* _PROBLEM STATEMENT_
The answer must be an exact copy of the records, with every picture removed.

*** DATA EXCERPTS

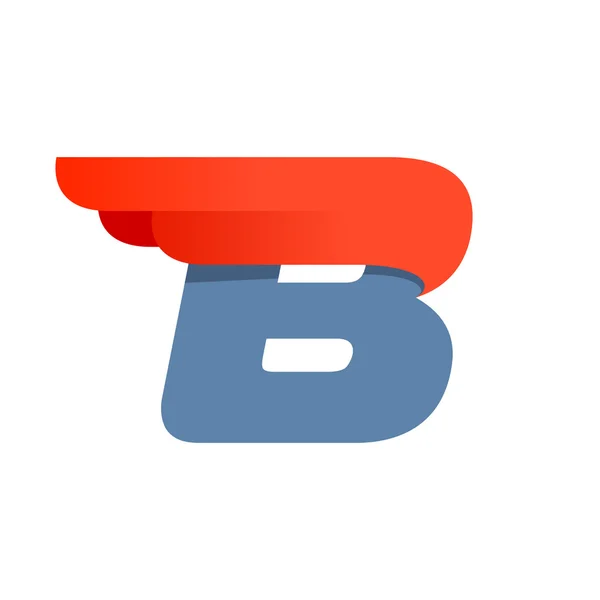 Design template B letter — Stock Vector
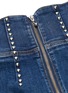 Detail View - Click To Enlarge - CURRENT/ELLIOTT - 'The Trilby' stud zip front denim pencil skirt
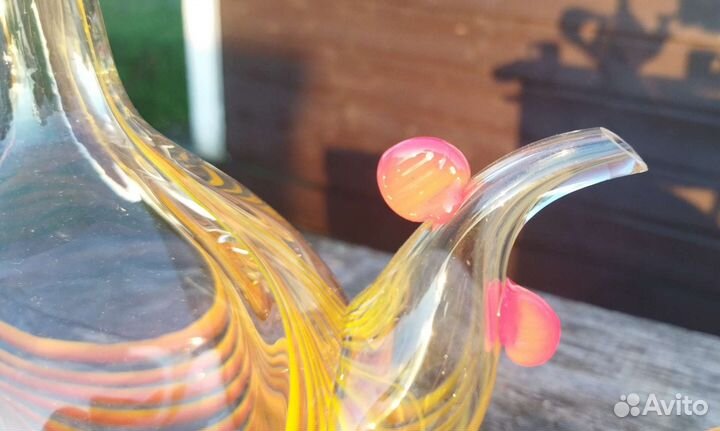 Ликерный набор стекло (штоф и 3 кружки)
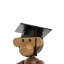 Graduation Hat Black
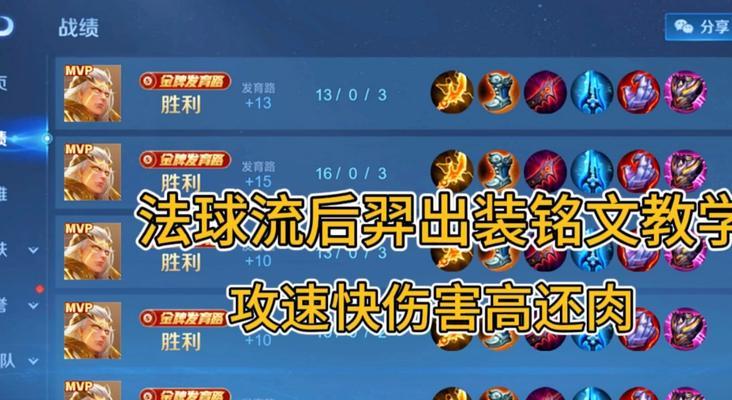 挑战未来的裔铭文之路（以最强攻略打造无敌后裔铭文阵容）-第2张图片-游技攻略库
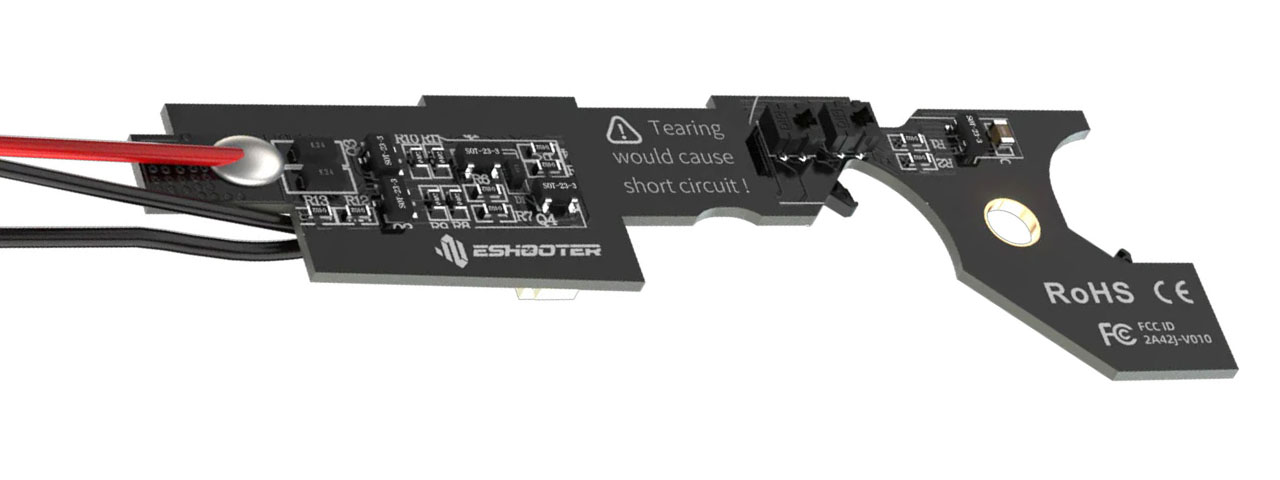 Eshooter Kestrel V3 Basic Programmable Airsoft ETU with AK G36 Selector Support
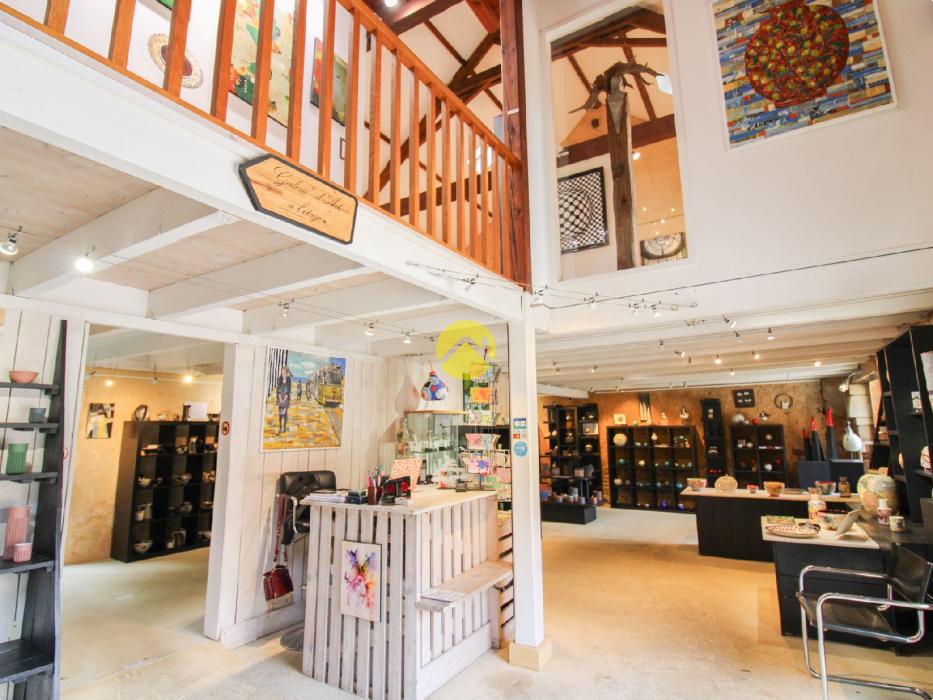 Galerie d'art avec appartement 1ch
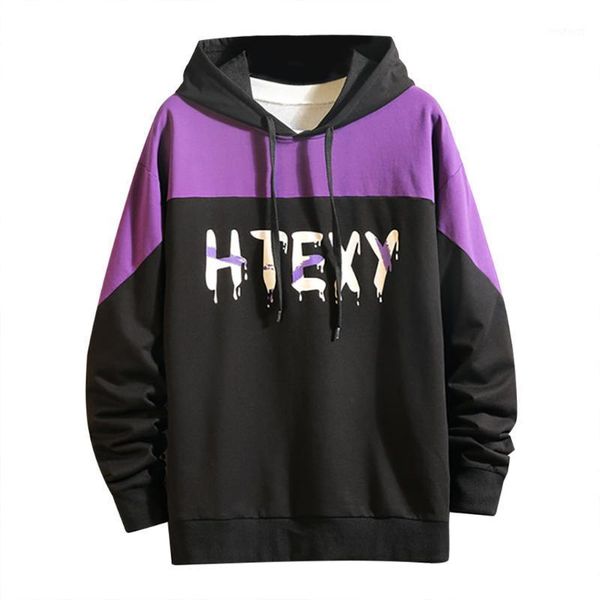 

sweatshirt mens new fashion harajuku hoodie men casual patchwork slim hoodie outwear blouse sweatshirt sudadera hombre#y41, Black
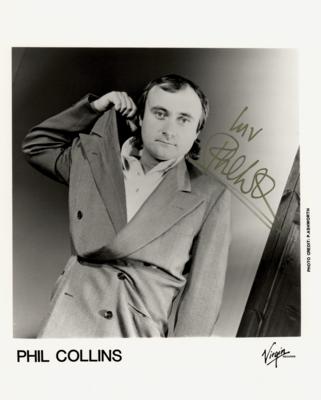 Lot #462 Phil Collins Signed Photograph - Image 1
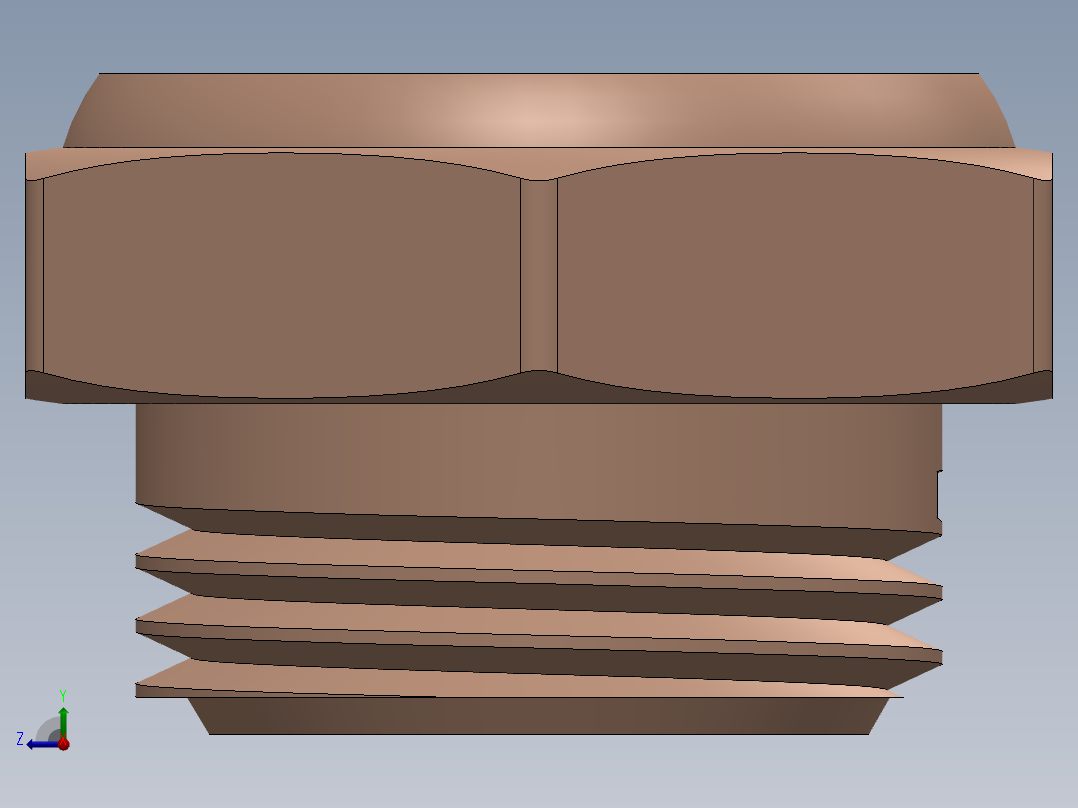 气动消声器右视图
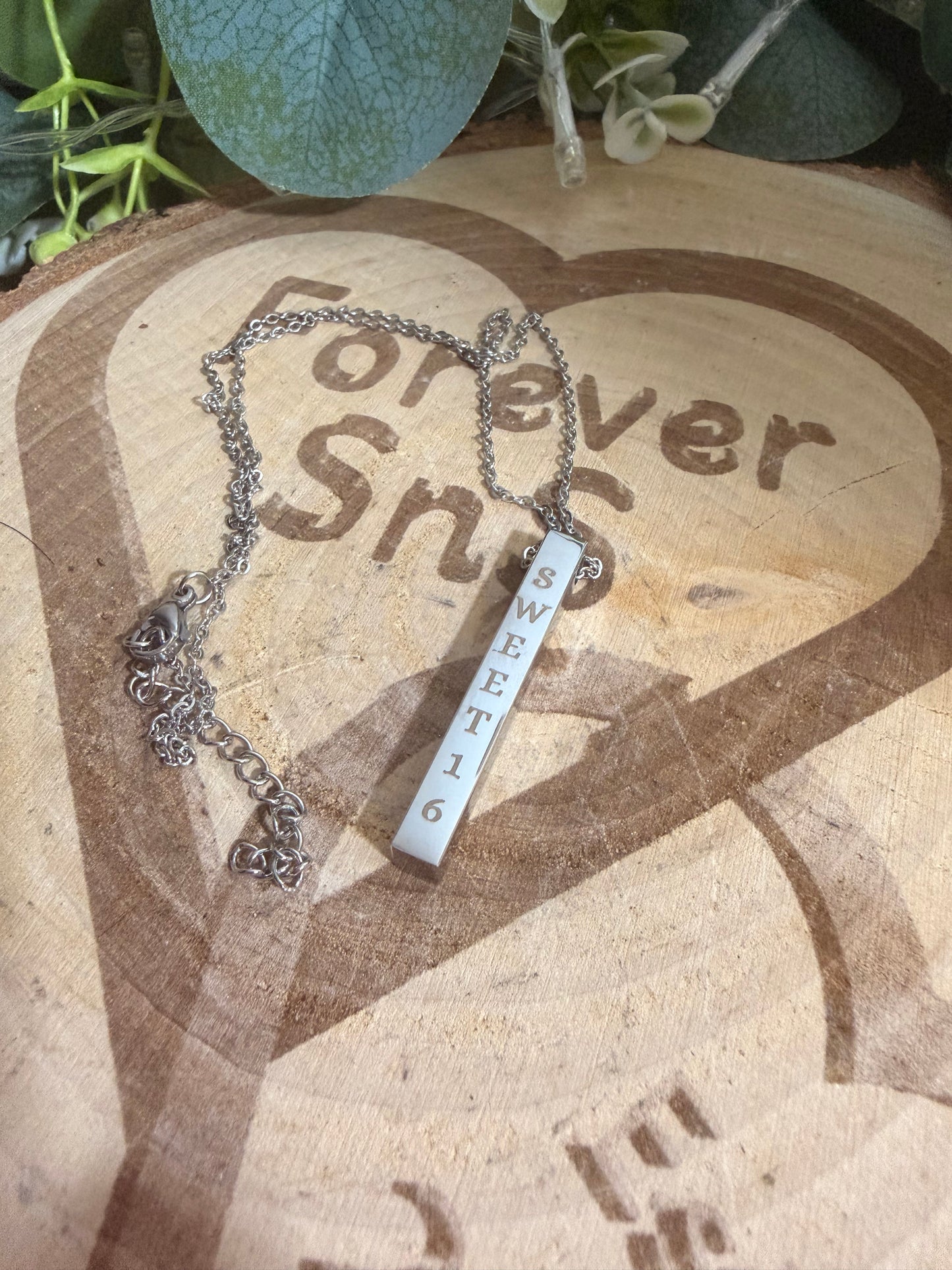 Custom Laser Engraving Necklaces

******

* _COMPLETED TASK_
 Design template B letter — Stock Vector
 Detail View - Click To Enlarge - CURRENT/ELLIOTT - 'The Trilby' stud zip front denim pencil skirt
 Ликерный набор стекло (штоф и 3 кружки)
 Graduation Hat Black
 挑战未来的裔铭文之路（以最强攻略打造无敌后裔铭文阵容）-第2张图片-游技攻略库
 Eshooter Kestrel V3 Basic Programmable Airsoft ETU with AK G36 Selector Support
 Galerie d'art avec appartement 1ch

sweatshirt mens new fashion harajuku hoodie men casual patchwork slim hoodie outwear blouse sweatshirt sudadera hombre#y41, Black
 Lot #462 Phil Collins Signed Photograph - Image 1
 气动消声器右视图
 Custom Laser Engraving Necklaces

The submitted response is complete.